_WORK ORDER_
Nothing but the records themselves, exactly as written, should appear in the reply; leave out the pictures.

Short web captions
++++++

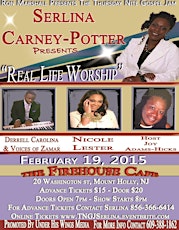 The Thursday Nite Gospel Jam Featuring Serlina Carney-Potter primary image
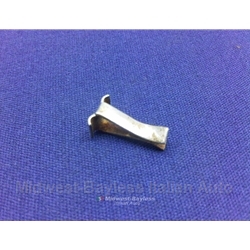 Door Panel Stainless Trim Clip (Fiat Pininfarina 124 Spider All) - U8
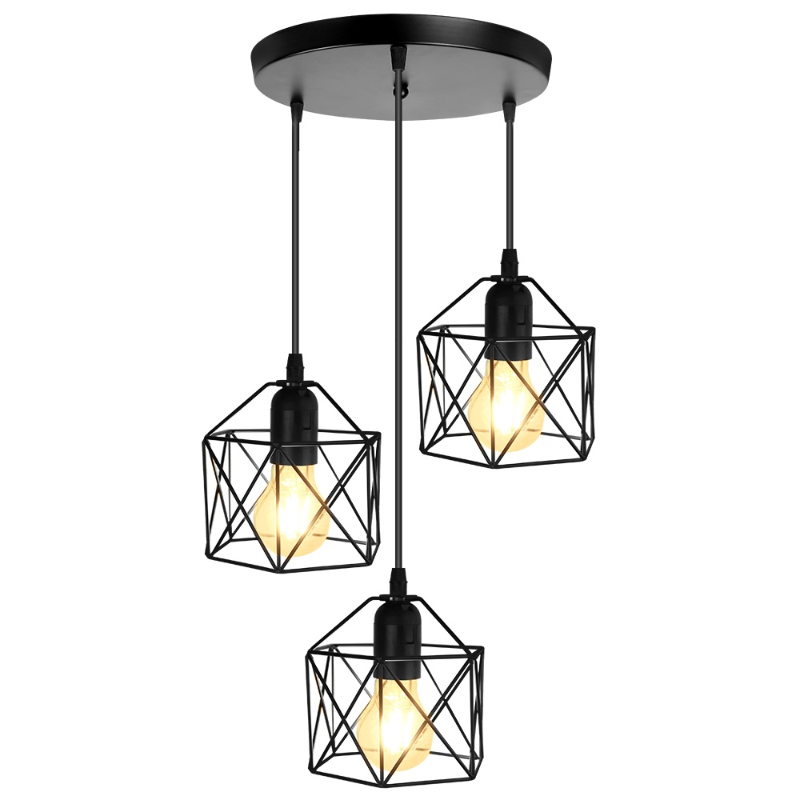 Metall Retro Licht
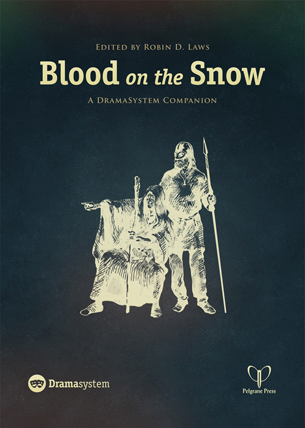 Blood on the Snow supplement for Hillfolk
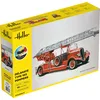 Image de HELLER - Maquette Camion Starter Kit Delahaye Type 103 Pompiers |heller|56780| 1:24
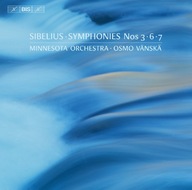 Bis Sibelius Symphonies No367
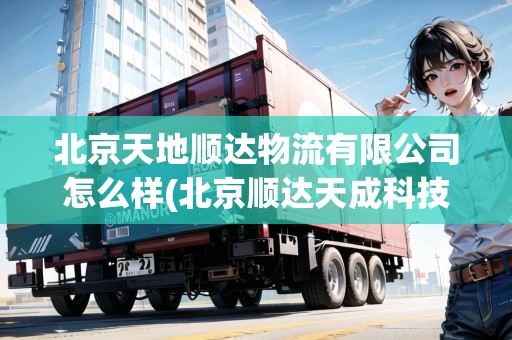北京天地順達(dá)物流有限公司怎么樣(北京順達(dá)天成科技有限公司)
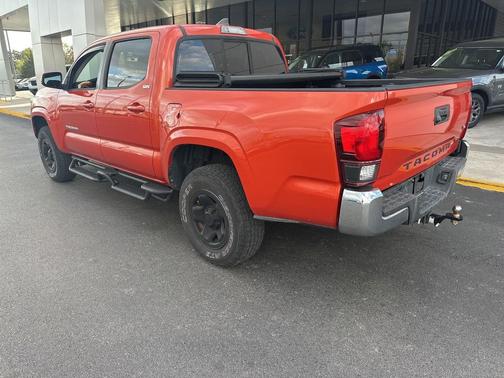 2016 Toyota Tacoma SR5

++++++

_RESULT OF THIS EXERCISE_
 The Thursday Nite Gospel Jam Featuring Serlina Carney-Potter primary image
 Door Panel Stainless Trim Clip (Fiat Pininfarina 124 Spider All) - U8
 Metall Retro Licht
 Blood on the Snow supplement for Hillfolk
 Image de HELLER - Maquette Camion Starter Kit Delahaye Type 103 Pompiers |heller|56780| 1:24
 Bis Sibelius Symphonies No367
北京天地順達(dá)物流有限公司怎么樣(北京順達(dá)天成科技有限公司)
 2016 Toyota Tacoma SR5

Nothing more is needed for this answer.